*Task prompt*: In the records below, take the line containing "Solitaire Round Diamond Engagement Ring" and every line following it, and write them out exactly.

Supplied entries START

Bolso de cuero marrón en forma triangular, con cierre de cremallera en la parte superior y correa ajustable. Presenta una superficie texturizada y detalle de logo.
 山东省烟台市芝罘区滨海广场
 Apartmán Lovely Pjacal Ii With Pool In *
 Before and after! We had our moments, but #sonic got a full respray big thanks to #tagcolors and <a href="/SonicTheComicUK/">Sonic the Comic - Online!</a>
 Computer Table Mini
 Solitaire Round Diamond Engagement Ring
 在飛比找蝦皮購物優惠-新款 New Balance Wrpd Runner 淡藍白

Supplied entries END

*Completed exercise*:
 Solitaire Round Diamond Engagement Ring
 在飛比找蝦皮購物優惠-新款 New Balance Wrpd Runner 淡藍白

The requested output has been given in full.